= Medelsvensson =

In Sweden, Medelsvensson (literally "average Svensson", but commonly translated as "an average Swede") is a statistically average Swedish person, similar to Average Joe. Colloquially it way also be a humorous, mildly derogatory reference to a representative of the Swedish lower middle class. The surname Svensson itself may be used as a reference to an average Swede.

==Origins==
Frans Lundgren described it as a "statistical fiction, medial metatype and political imagination". The name is traced back to the beginning of the 20th century when a joke character "herr Medelsvensson" appeared in newspapers and advertisements. Originally he was a corpulent upper-class man, but gradually he turned into a statistically averaged middle-class person. The name was used caricatures, exhibitions, and competitions for the most average family, as well as in statistical data. It is often claimed that the name went into mainstream since the Stockholm Exhibition of 1930. During these times Svensson was the most common Swedish surname.

==Who is Medelsvensson==
The Statistical Yearbook of Sweden 2014 contains a whole section 25.1 Medelsvensson/ The average Swede.

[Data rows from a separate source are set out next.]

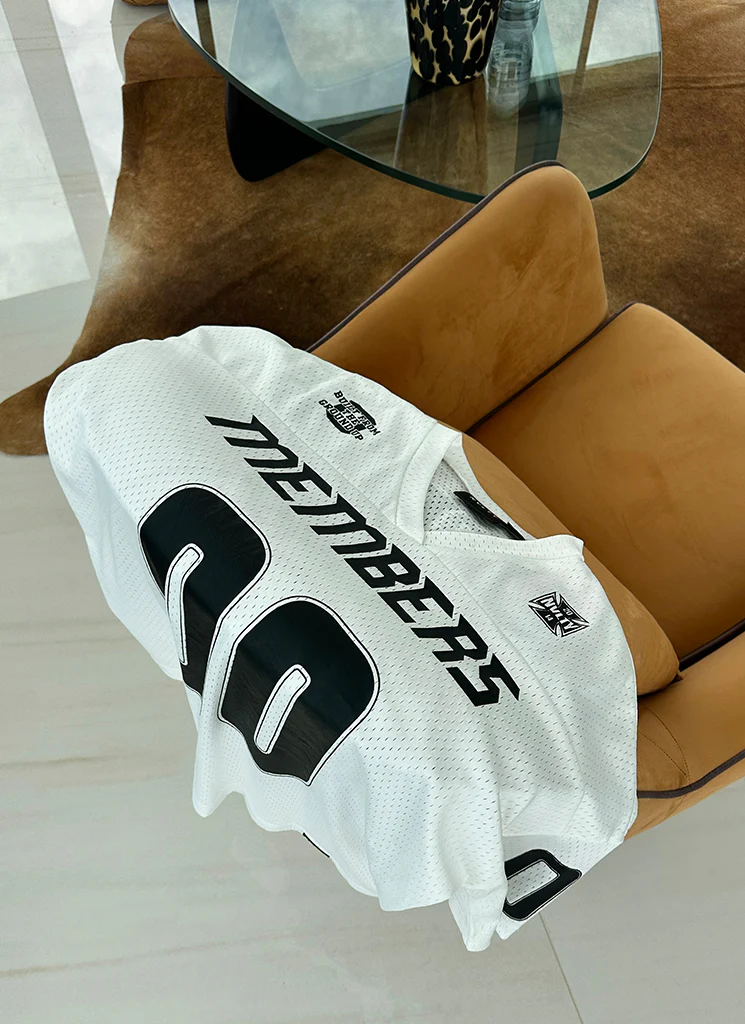 Members Jersey - White - Image 12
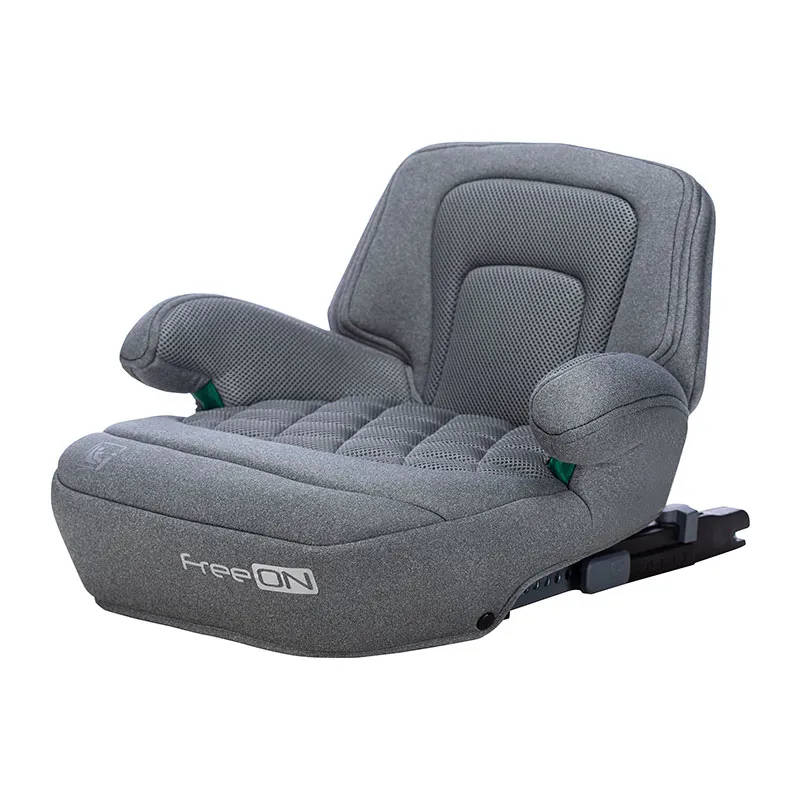 Siège-auto I-Size/Isofix Cosmo plus fix 125-150 cm - Gris-1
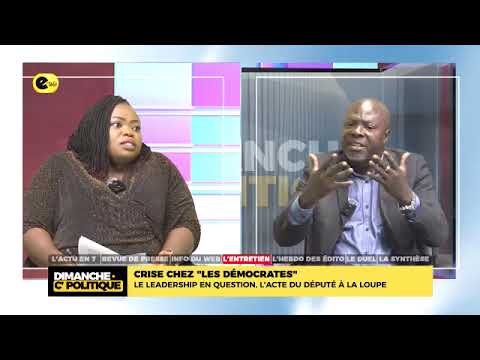 Entretien 2 / Crise chez ''les démocrates'' le leadership en question, l'acte du député à la loupe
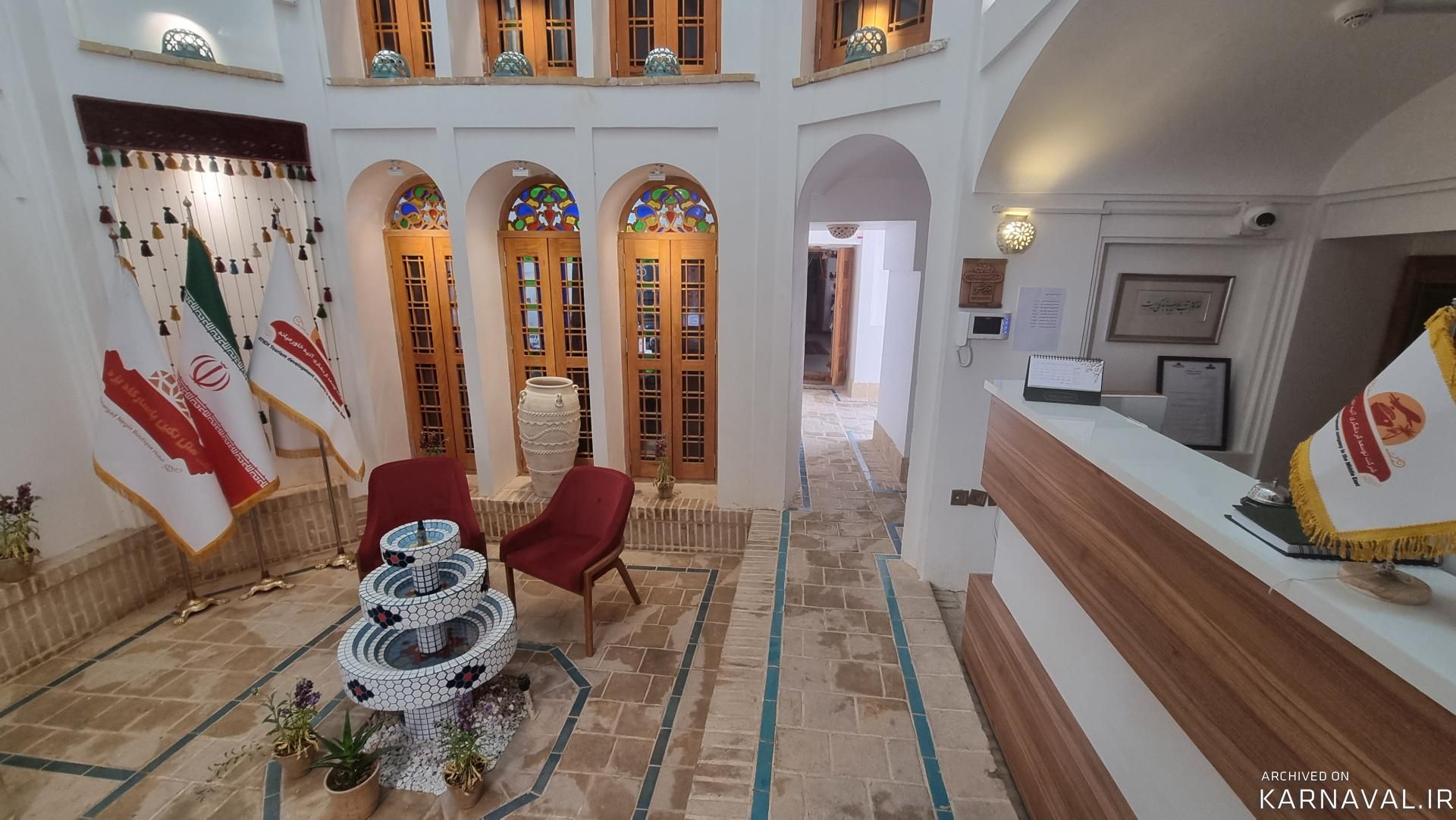 هتل سنتی نگین کاشان هتل سنتی نگین کاشان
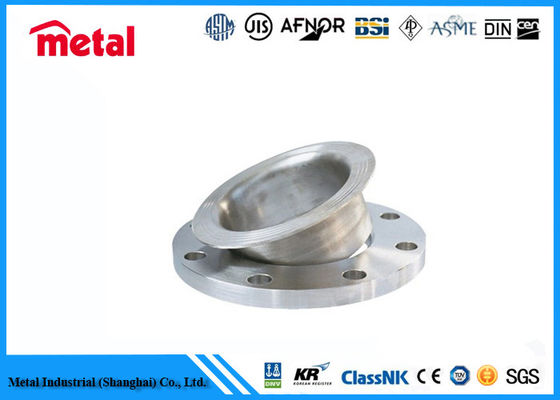 فلنج از جنس استنلس استیل B36.19 کلاس 1500 دوبلکس ASTM UNS32760 Lap Flange Joint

Before providing data about Medelsvensson, the Statistics Sweden gives some background.

We at Statistics Sweden often get questions about who Medelsvensson is. You could say a lot about the woman Medelsvensson and the man Medelsvensson, likewise about the children in an average couple's relationship. But putting together an average "family" is more difficult because there is no way to identify via existing population registers cohabitation relationships. Sweden's average man and average woman do not live together as a family.

Based on statistics for 2009-2012, neither man nor woman Medelsvensson has the surname Svensson, and this surname was only 9th most common in Sweden. Medelsvennson man was 40 years old and woman 42 years old. His name was Karl Fredrik Johansson. Her name was Anna Maria Andersson. The section has several pages of various statistical data about Medelsvenssons Fredrik and Anna.

There is a common saying that Medelsvensson has three V's: Villa, Volvo, and Vovve (doggy). However in 2012 the Statistics Sweden reported that while Medelsvensson family (whose surname was Johansson) did have villa, Volvo, but no dog.